Model application: modeling lake ice phenology in Minnesota, 1980-2018
공공데이터포털
Globally, lakes are losing ice cover, but our understanding of the rates and variability of change are biased towards few lakes with long-term records. Recent works have used remote sensing and predictive modeling to supplement the observational record, but these approaches produce large errors when estimating ice phenology for individual lakes. Our associated manuscript explores machine learning (ML) approaches for hindcasting ice phenology using daily weather drivers and lake ice records from 1980-2018 across 625 Minnesota lakes, covering 4359 lake-years of record. Most notably, this model application provides LSTM predictions of lake ice cover time series for 881 National Hydrography Dataset High Resolution (NHDHR) lakes in Minnesota from 1980 to 2018. Along with the best available predictions, we provide the trained model weights and feature scaling factors associated with the best model developed in PyTorch, an open-source deep learning library.
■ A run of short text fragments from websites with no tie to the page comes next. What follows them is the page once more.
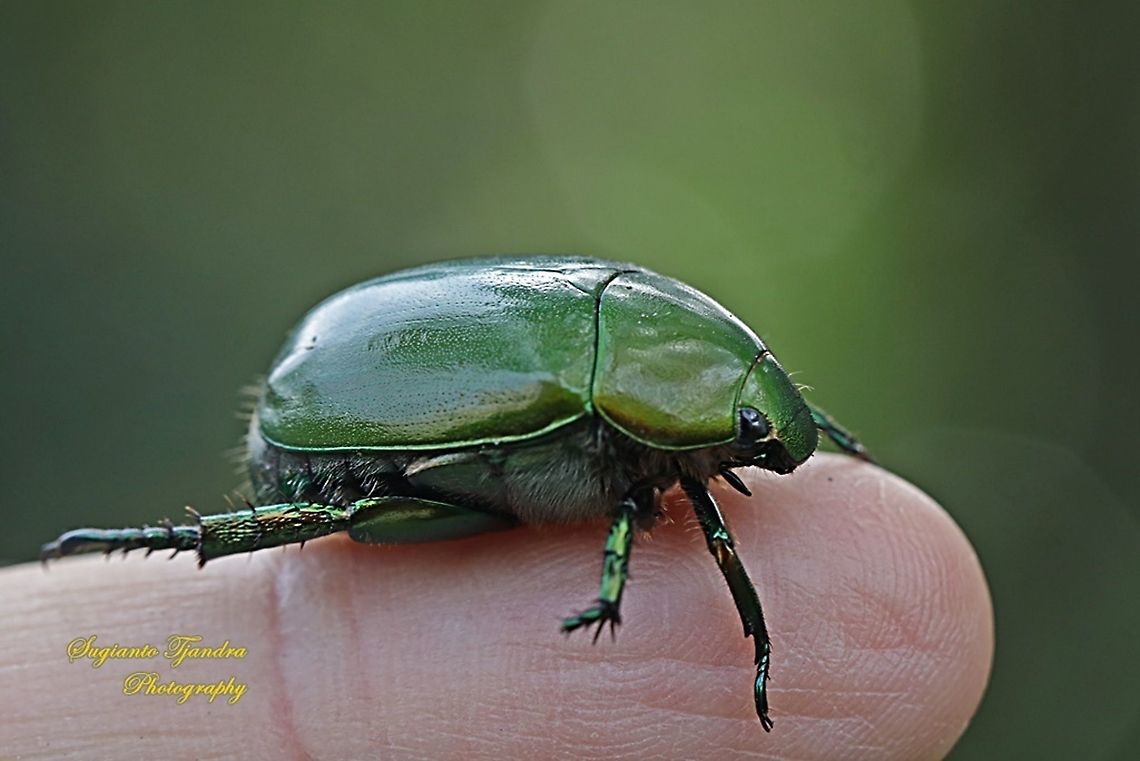 Green leaf chafer beetle, Anomala albopilosa  Anomala albopilosa,Geotagged,Indonesia,Winter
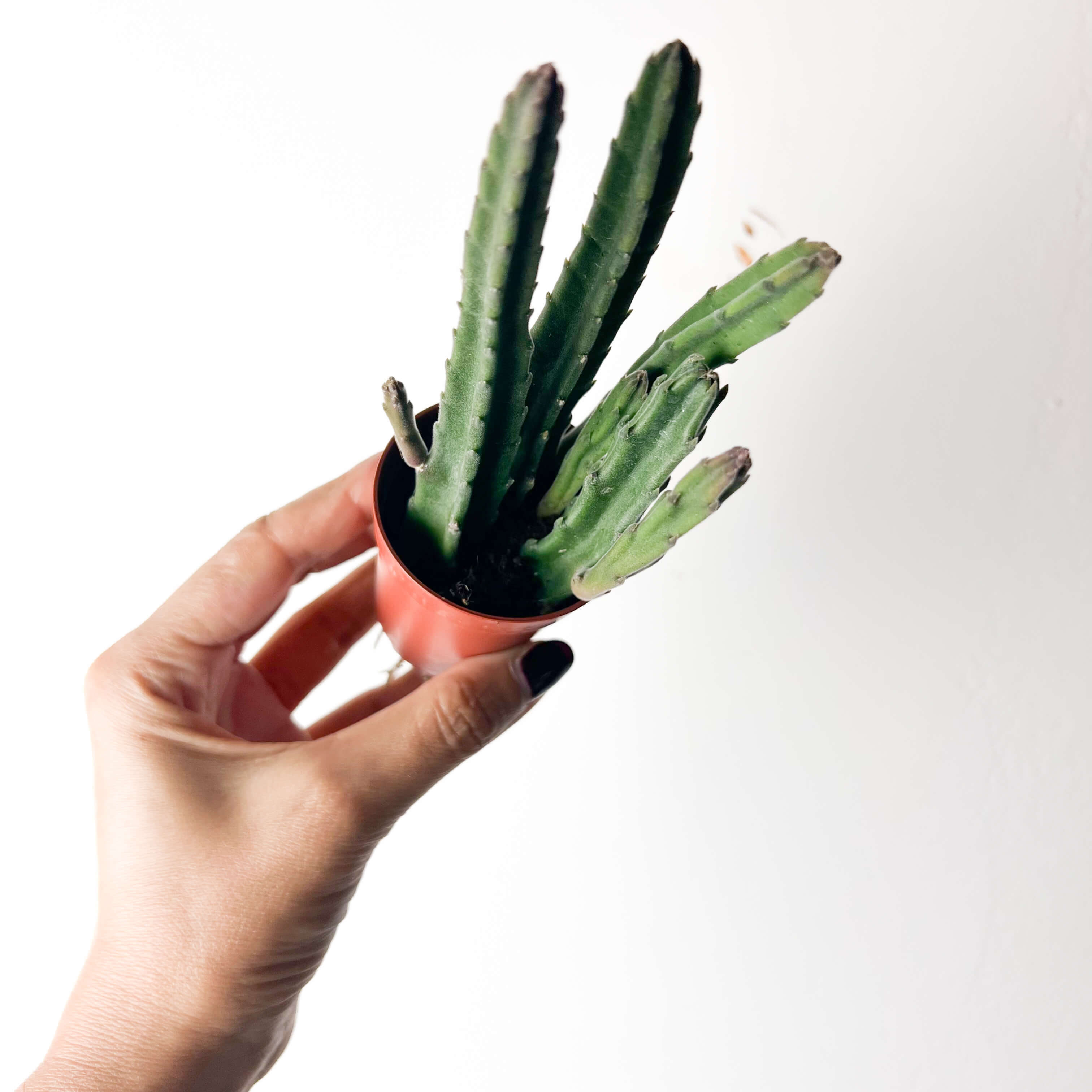 Stapelia Leendertziae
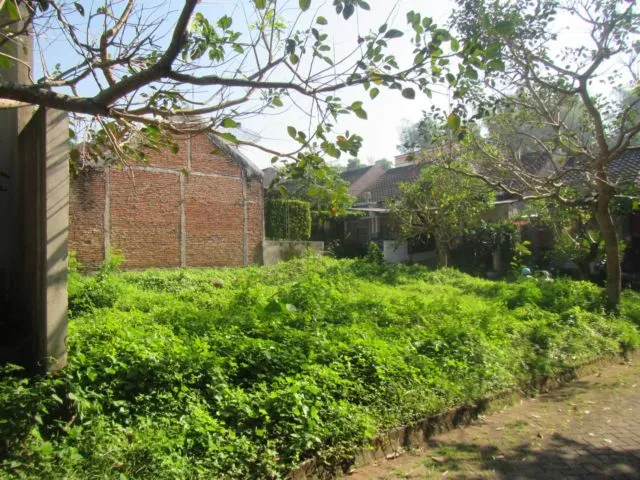 Sembari Nunggu Jodoh, Lebih Untung Investasi Tanah atau Beli Rumah Lewat KPR, Ya? 9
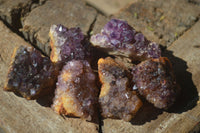 Natural Small Dark Amethyst Crystal Plates  x 70 From Mapatizya, Zambia - Toprock Gemstones and Minerals 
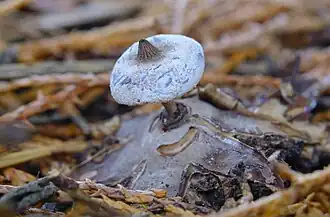 Geastrum striatum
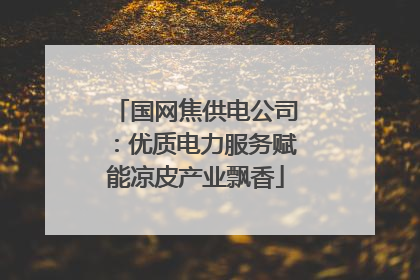 国网焦供电公司：优质电力服务赋能凉皮产业飘香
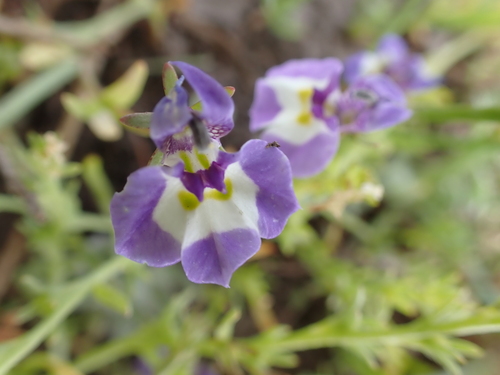 iNaturalist observation photo of Doublehorn Calicoflower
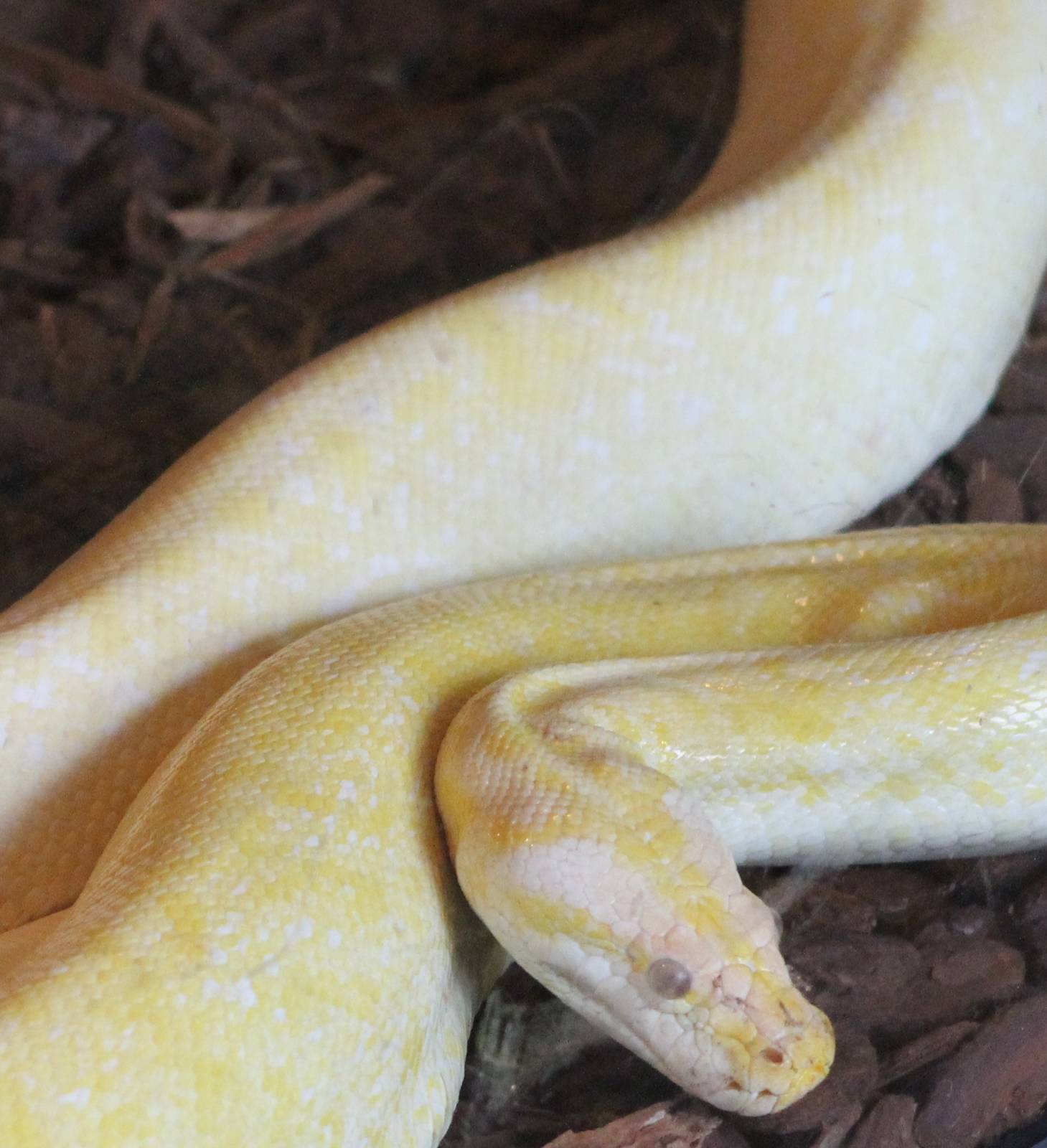 Tiger python ( mutation )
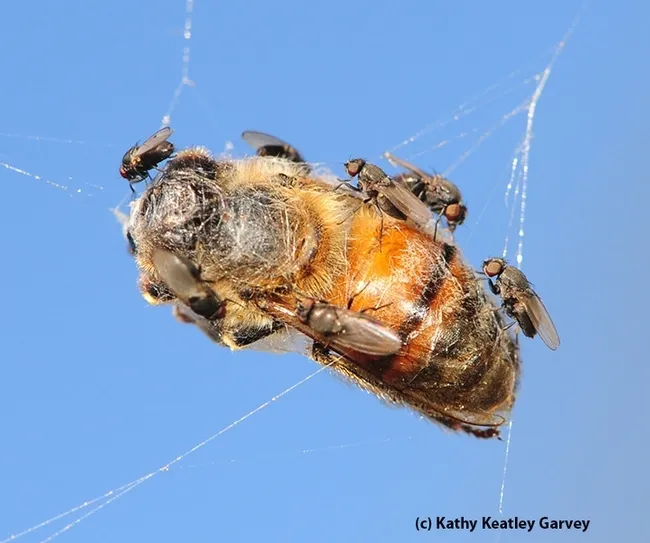 Freeloader flies, family Milichiidae, and probably genus Desmometopa, dining on a honey bee, a spider's prey. (Photo by Kathy Keatley Garvey)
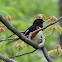 (Male) Eastern Towhee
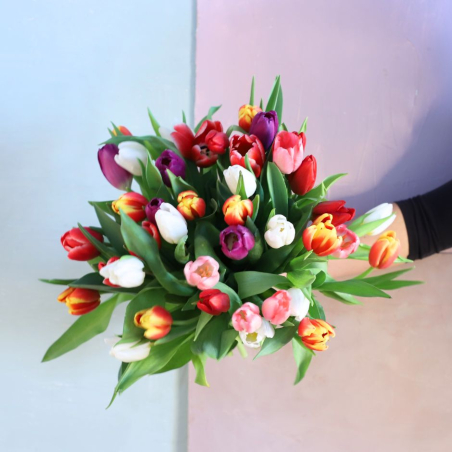 Bouquet de 35 tulipes multicolores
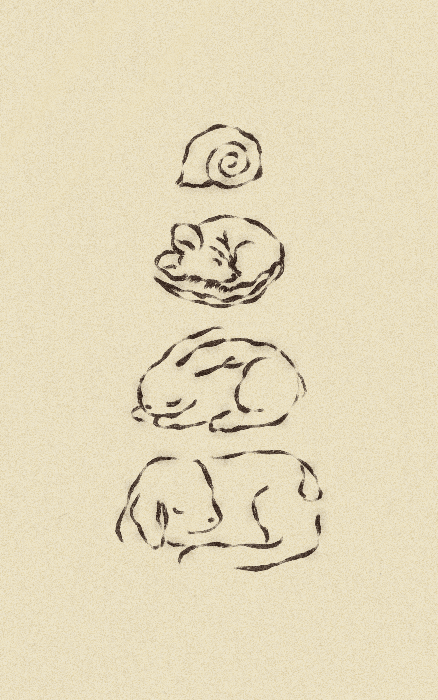 iris wildros sleeping lamb rabbit mouse snail illustration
This model application uses inputs available from a prior data release (https://doi.org/10.5066/P9PPHJE2) which are retrieved via code and provides an earlier version of Minnesota lake ice phenology data published at https://doi.org/10.13020/110f-j487, whose original source is the Minnesota Department of Natural Resources State Climatology Office. For more in-depth information on the methodology and a detailed exploration of the model(s), please refer to Diaz et al. 2025 (in review). This work was initially funded by the Integrated Information and Dissemination Division, then by the Predictive Understanding of Multiscale Processes project - both under the USGS Water Mission Area (WMA) to explore the potential of machine learning-based lake ice prediction in addition to attention-based transformers, very large models, and explainable AI (XAI). This project made use of the USGS Tallgrass (https://doi.org/10.5066/P9XE7ROJ) High Performance Computing environment for GPU acceleration of large neural network models. The methods and results from this modeling effort are described in: Jeremy Diaz, Samantha Oliver, Simon Topp, et al. Predicting Minnesota lake ice phenology with deep learning, explainable methods, and a physically based benchmark, 1980-2018. ESS Open Archive . September 05, 2025. DOI: 10.22541/essoar.175710698.87505589/v1. This is a USGS peer reviewed and approved preprint. This manuscript is also under review at Water Resources Research.